Безобразное существо в её руках, покрытое кровью и слюной, скорчилось в беззвучном плаче. Уродливое. Мёртвое.
Ежи замер у самого плеча Здиславы, уставился на младенца, а голос ведьмы зазвенел в его ушах громче гула из-под земли.
– Шмерть я славную дарю, фиснь семную сабираю. Белое на красное, синее на фёлтое.
– Остановись, – губы разлепились с трудом, точно сшитые нитью. – Ты нас убьёшь.
Здислава бросила младенца в воду.
Замок покачнулся в третий раз.
И свечи задуло все разом.
Не разобрать было, откуда шёл крик, где выли в отчаянии и нечеловеческом страхе. Золотом вспыхнул пожар в комнате. Ежи отпрянул назад, упал на спину, прикрывая рукой глаза. Ему показалось, что брови опалил огонь.
Он сжался на полу, прячась от пламени, приготовился сгореть заживо. Верно, судьба настигла его. Верно, он должен был погибнуть ещё тогда в пожаре.
Но дымом не пахло. Огонь не трещал.
Медленно замок затихал.
Медленно, ужасно медленно Ежи стал снова различать голоса Венцеславы и Щенсны. Кто-то ползал по полу позади, гремел разлетевшейся посудой и подсвечниками. Наконец защёлкало огниво, и загорелась свеча. На полу, держа подсвечник в руке, сидела бледная Щенсна. Безумным взглядом она осмотрела комнату, поднялась на ноги и осторожно подошла к Ежи.

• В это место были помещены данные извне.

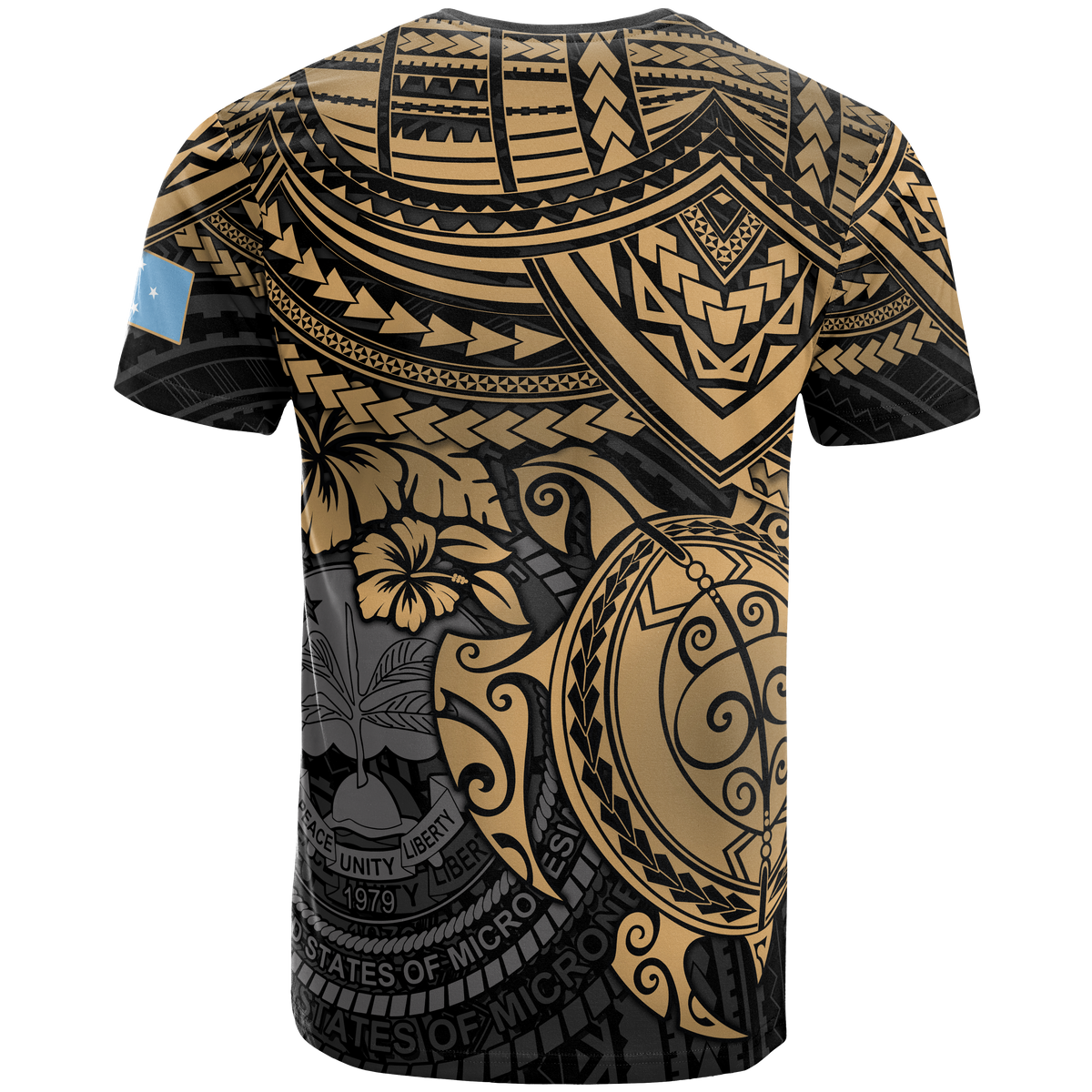 Federated States of Micronesia T Shirt F S M Seal Golden Turtle Hibiscus - Polynesian Pride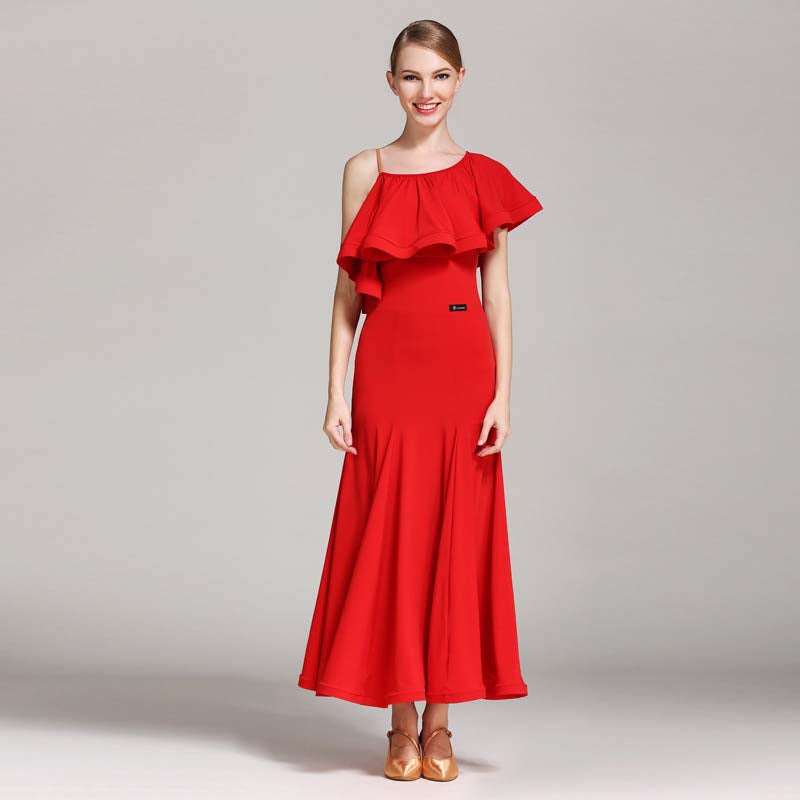 Women's Lotus Leaf Modern Dance Dress Ballroom Dancing Costume Training Performance Dress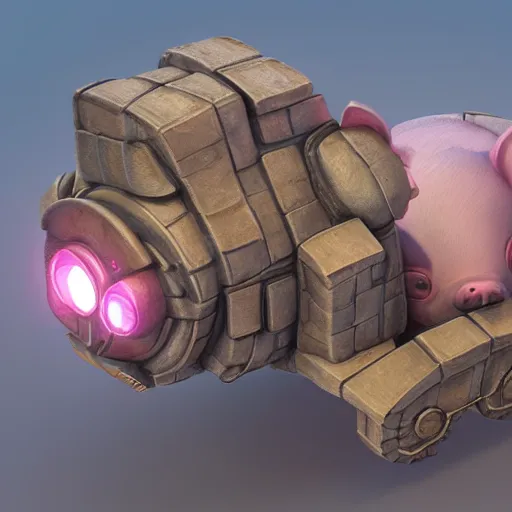 Image similar to Isometric 3D Fantasy Cute and adorable pig spacecraft, Smooth 3D Illustration, soft render, Servando Lupini, Daniil Kudriavtsev, handpaint texture, Blender, 3DCoat H 648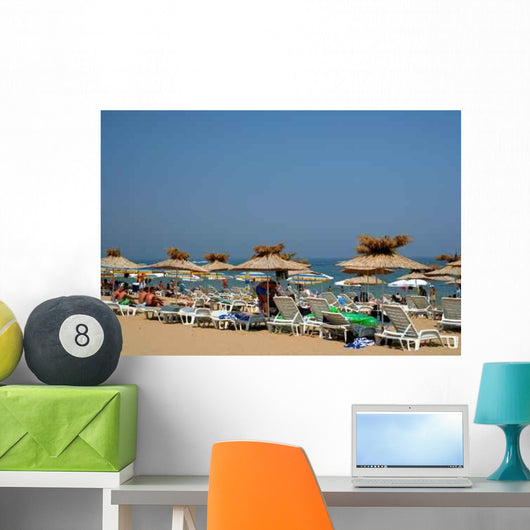 Crowded Black Sea Beach Wall Decal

Только тогда свет одинокой свечи вырвал из темноты Здиславу.
Ведьма сидела на прежнем месте, к груди она прижимала нечто обёрнутое в синий шёлк.
– Что это было? – сипло спросила Щенсна.
– Исток умер, – со странной улыбкой произнесла Здислава, покачивая свёрток. – Прифёл конес всему старому. В Совине так тосно.
– О чём ты?
Ежи и Венцеслава молчали. Весь замок затих, и было в той тишине нечто гробовое, страшное. Голос Здиславы прозвучал немыслимо громко:
– Выгляни из восточного крыла.
Из восточного крыла можно было разглядеть остатки Совиной башни. Откуда старуха знала? Что бы ни случилось на развалинах чародейских владений, откуда старуха это знала, раз утверждала, что невиновна? Ведь всё это время она была здесь, в спальне.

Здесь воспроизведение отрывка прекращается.